Page MenuHomePhabricator

Cassandra compaction is getting behind
Closed, ResolvedPublic

Description

Since RESTBase's release, the number of pending compactions in Cassandra has been trending upward. This will eventually cause problems.

Throughput is currently set to the default of 16MB/s, which is quite conservative for our environment, particularly given our use of Leveled Compaction.

If there are no objections, I'm going to start gradually increasing it (ephemerally, using nodetool), and observe the results.

cassandra_pending_compactions-00.png (656×853 px, 59 KB)

Event Timeline

Eevans claimed this task.
Eevans raised the priority of this task from to High.
Eevans updated the task description. (Show Details)
Eevans added subscribers: Eevans, fgiunchedi, akosiaris.
$ for host in 1 2 3 4 5 6; do echo -n "restbase100$host: "; nodetool -h restbase100$host getcompactionthroughput; done
restbase1001: Current compaction throughput: 24 MB/s
restbase1002: Current compaction throughput: 24 MB/s
restbase1003: Current compaction throughput: 24 MB/s
restbase1004: Current compaction throughput: 24 MB/s
restbase1005: Current compaction throughput: 24 MB/s
restbase1006: Current compaction throughput: 24 MB/s
$ for host in 1 2 3 4 5 6; do echo -n "restbase100$host: "; nodetool -h restbase100$host 

fyi you can do for i in {1..6} :)

Compaction throughput is now set at 128 MB/s, but with only 2 compaction threads, actual throughput seems to be limited to about ~50MB/s. Pending compactions seems to be leveling off a bit though, so I'm going to leave everything as-is for the evening, and look into raising concurrency tomorrow.

cassandra_pending_compactions-01.png (502×1 px, 54 KB)

After letting it run over night, it would seem that 1-4 are in OK shape, steadily trending down, but 5 and 6 (the two nodes involved in the recent bootstrap operation) are headed for trouble.

I'll put together a patch for configuring a larger compaction thread pool.

cassandra_pending_compactions-02.png (444×1 px, 59 KB)

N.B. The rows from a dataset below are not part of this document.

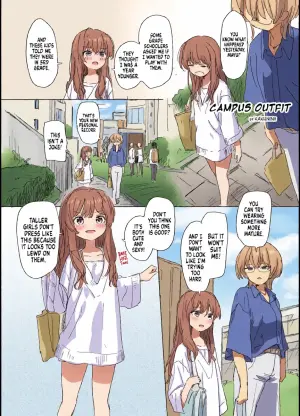 [Hyoui Lover (Kakuninii)] Campus Outfit (Hyoui Catalog Vol. 2 ~Onna no Karada o Nottorimakuru Anthology~) [English] [GTF]
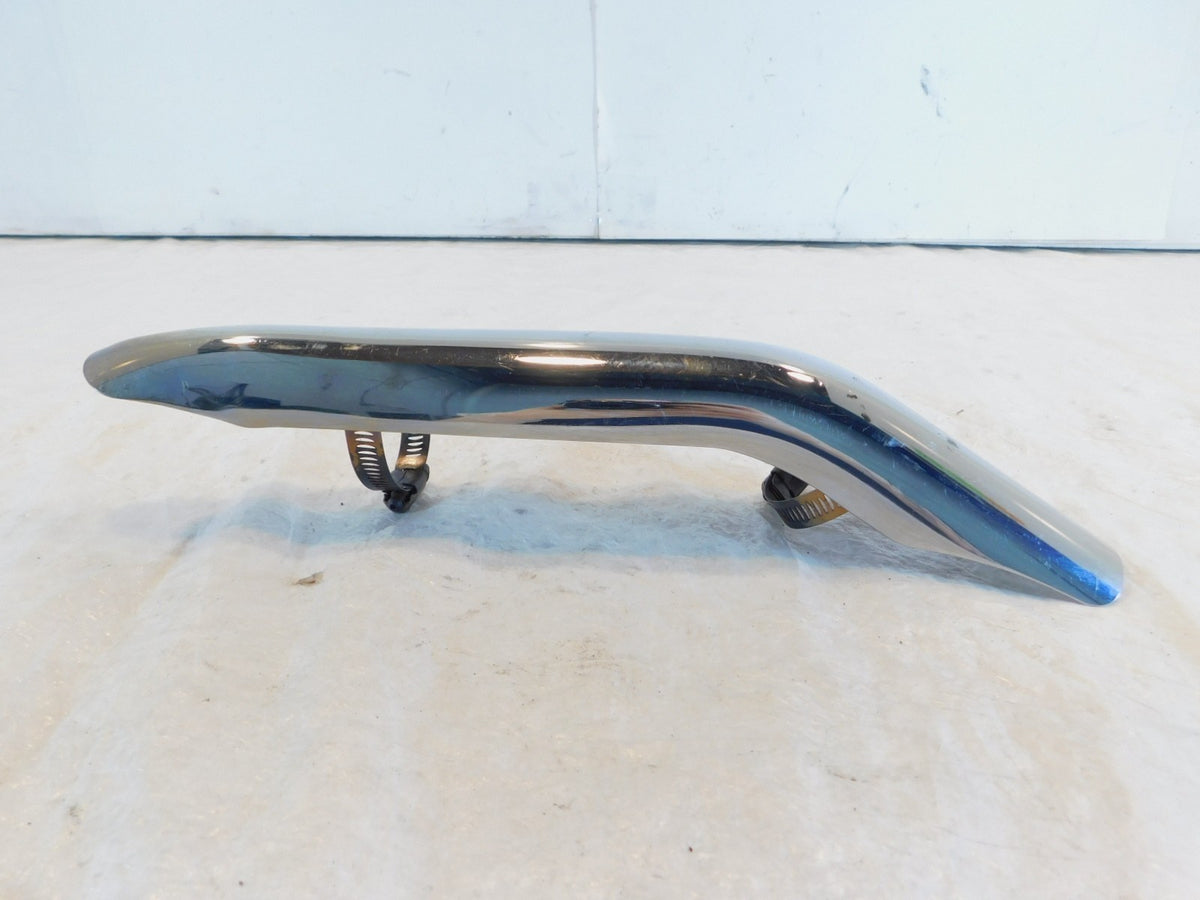 Harley Touring Road King Electra Glide Front Exhaust Header Pipe Cover Shield - C3 Cycle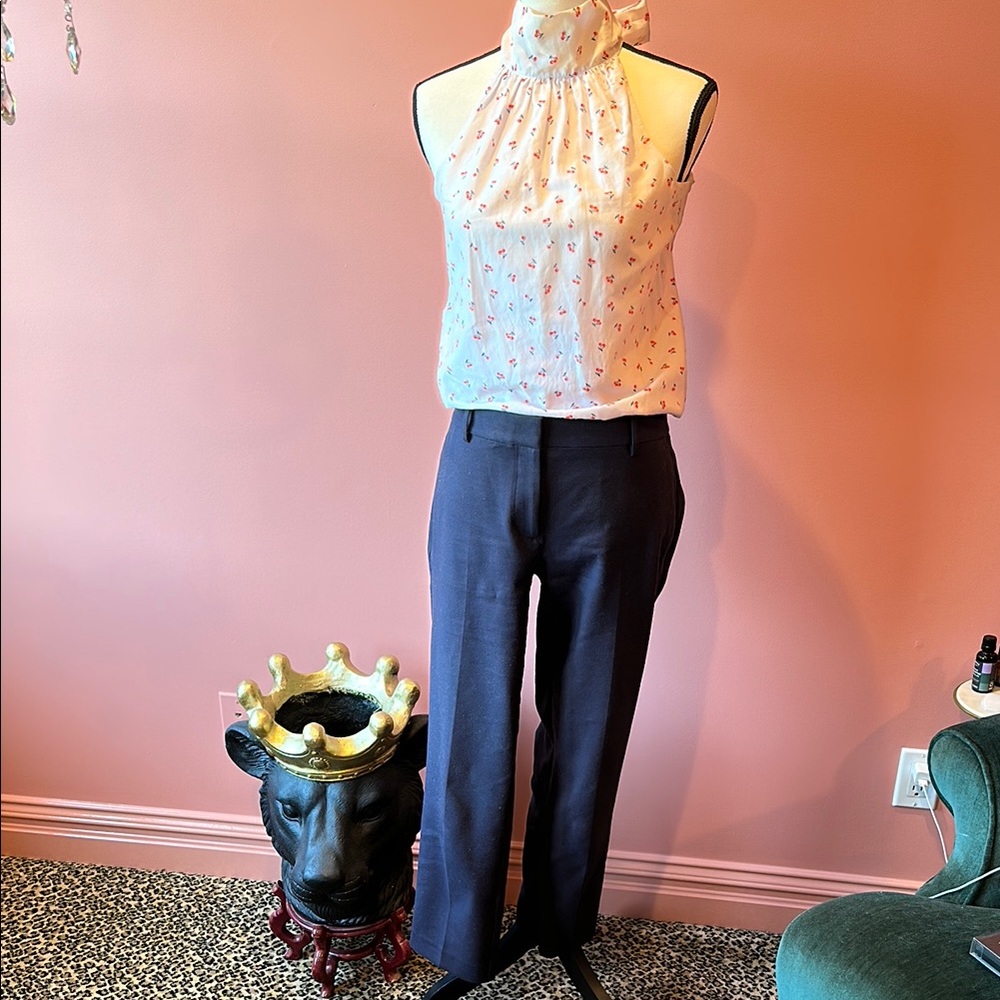 Ann Taylor Classic Navy Women's Trousers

Change 197911 had a related patch set uploaded (by Eevans):
overrid-able concurrent_compactors setting

https://gerrit.wikimedia.org/r/197911

Change 197915 had a related patch set uploaded (by Eevans):
increase compaction throughput and concurrency

https://gerrit.wikimedia.org/r/197915

thanks for looking into this! what are reasonable thresholds we should alert on?

Change 197911 merged by Ori.livneh:
overrid-able concurrent_compactors setting

https://gerrit.wikimedia.org/r/197911

Change 197915 merged by Faidon Liambotis:
increase compaction throughput and concurrency

https://gerrit.wikimedia.org/r/197915

Update: pending compactions are now all trending downward. Monitoring will continue.

cassandra_pending_compactions-03.png (500×1 px, 88 KB)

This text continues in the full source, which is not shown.